Tight Finite Time Bounds of Two-Time-Scale Linear Stochastic Approximation with Markovian Noise
This work provides theoretical guarantees for two-time-scale stochastic approximation methods used in reinforcement learning, addressing a known bottleneck in analyzing algorithms with Markovian noise.
The authors derived a tight finite-time upper bound on the error for linear two-time-scale stochastic approximation with Markovian noise, showing that the mean squared error decreases as trace(Σ^y)/k + o(1/k), where Σ^y matches the covariance in the Central Limit Theorem. They applied this result to establish sample complexity for off-policy reinforcement learning algorithms like TDC, GTD, and GTD2.

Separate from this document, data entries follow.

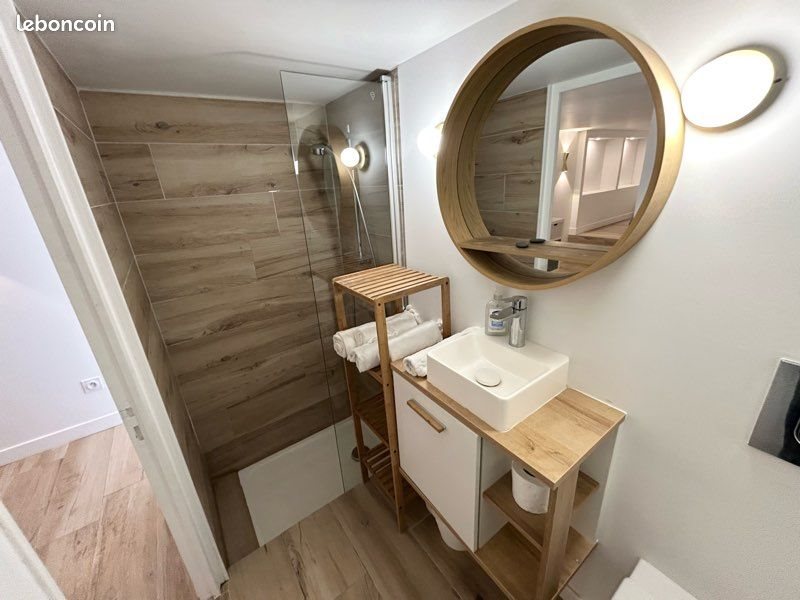 Maison à louer, 27m², Cassis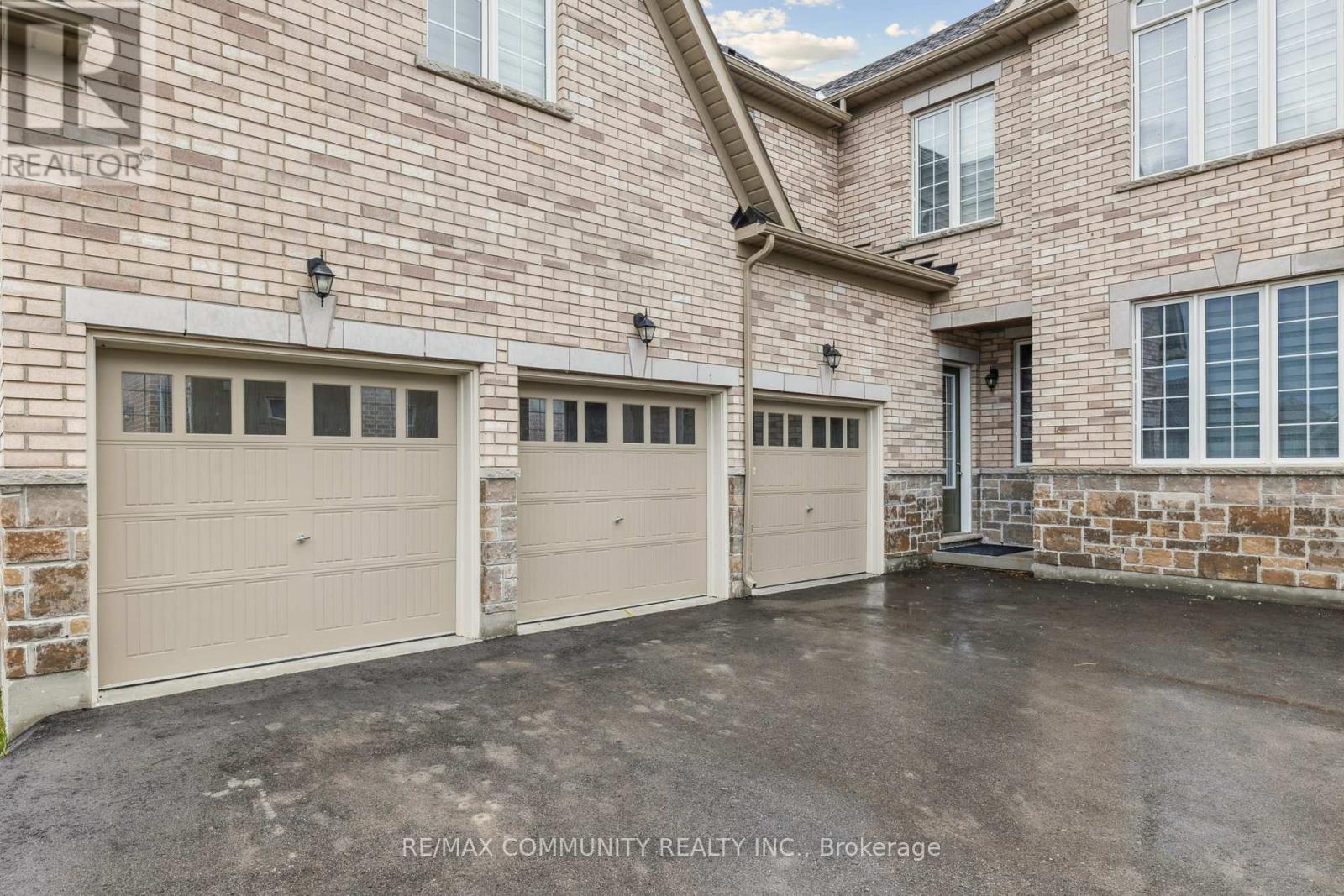 15 Golden Meadows Drive, Otonabee-South Monaghan, Ontario  K9J 0H6 - Photo 4 - X12266979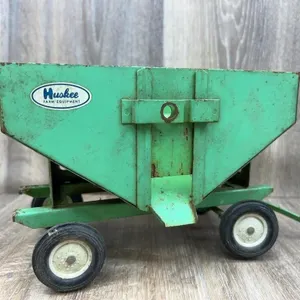Muskee Gravity Wagon 1:16 Scale
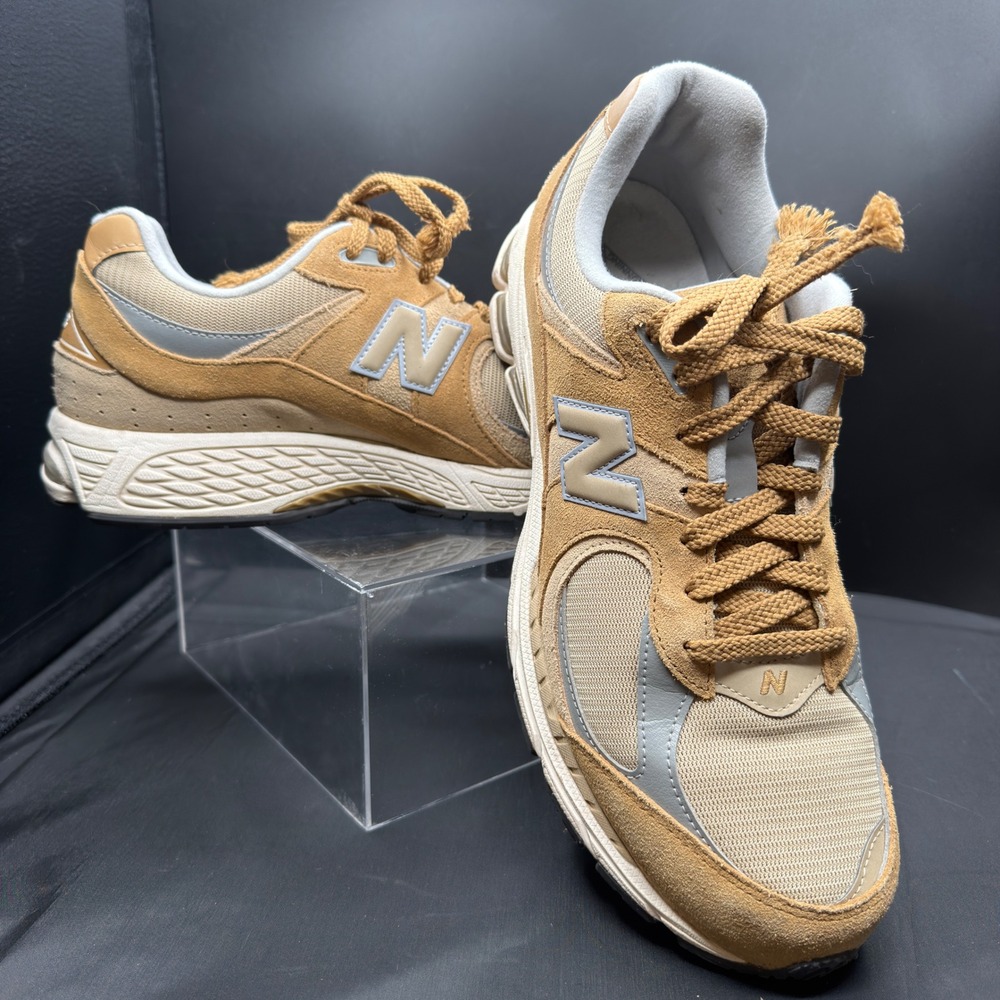 New Balance 2002R Tan Beige Suede Running Shoes U2002RCE Mens 11.5 Womens 13
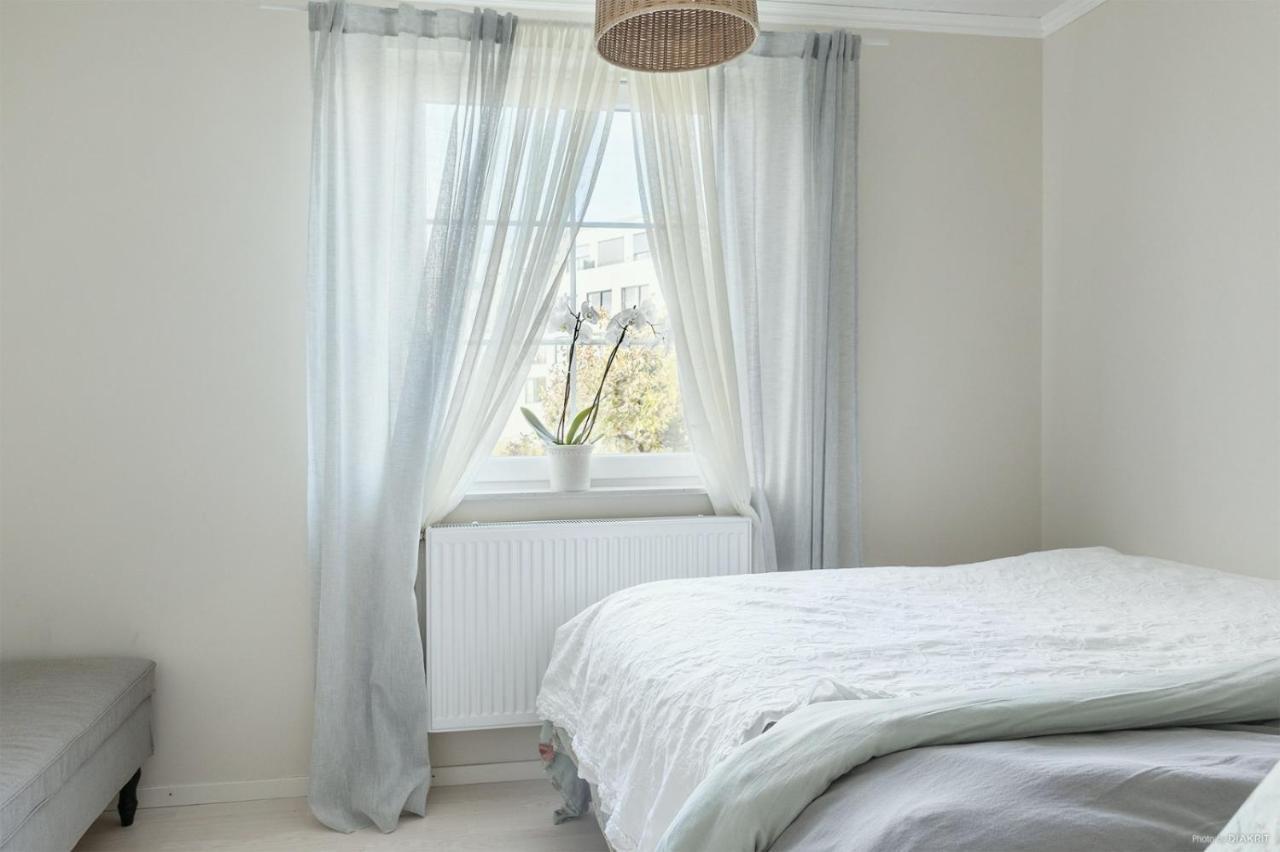 Charming Apartment In A Red House In ستوكهولم المظهر الخارجي الصورة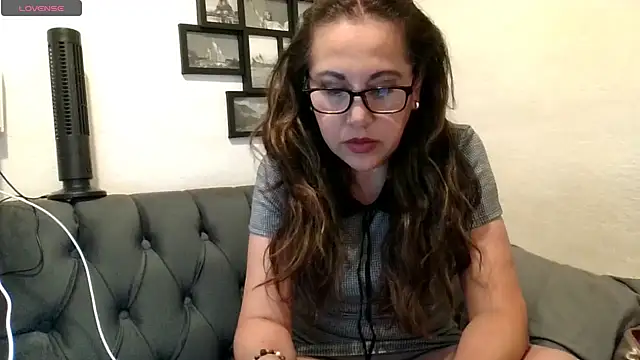 MirandaLatinaLovely online show from April 28, 2026, 3:11 am
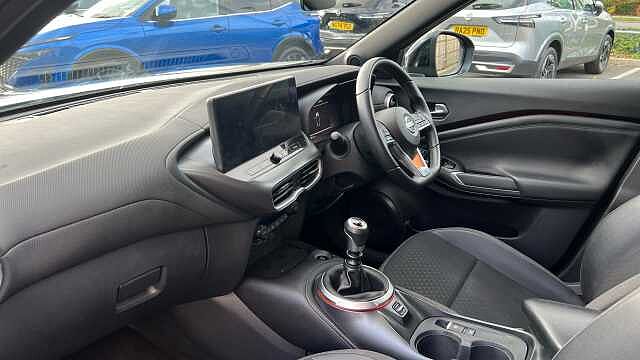 Nissan Juke 1.0 DiG-T N-Connecta 5dr
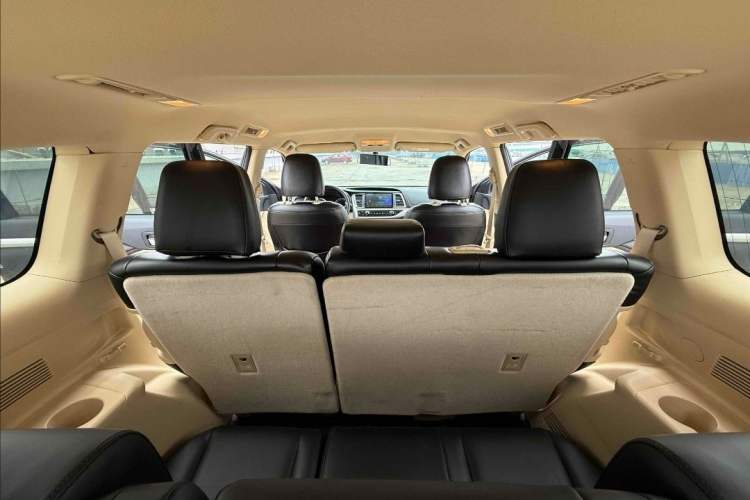 Used Toyota Highlander 2018 2.0T Two-Wheel Drive Elite Edition 7 Seats Emission Standard China V
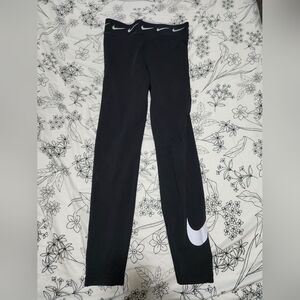 Nike leggings with swoosh waistband size medium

Stochastic approximation (SA) is an iterative algorithm for finding the fixed point of an operator using noisy samples and widely used in optimization and Reinforcement Learning (RL). The noise in RL exhibits a Markovian structure, and in some cases, such as gradient temporal difference (GTD) methods, SA is employed in a two-time-scale framework. This combination introduces significant theoretical challenges for analysis. We derive an upper bound on the error for the iterations of linear two-time-scale SA with Markovian noise. We demonstrate that the mean squared error decreases as $trace (Σ^y)/k + o(1/k)$ where $k$ is the number of iterates, and $Σ^y$ is an appropriately defined covariance matrix. A key feature of our bounds is that the leading term, $Σ^y$, exactly matches with the covariance in the Central Limit Theorem (CLT) for the two-time-scale SA, and we call them tight finite-time bounds. We illustrate their use in RL by establishing sample complexity for off-policy algorithms, TDC, GTD, and GTD2. A special case of linear two-time-scale SA that is extensively studied is linear SA with Polyak-Ruppert averaging. We present tight finite time bounds corresponding to the covariance matrix of the CLT. Such bounds can be used to study TD-learning with Polyak-Ruppert averaging.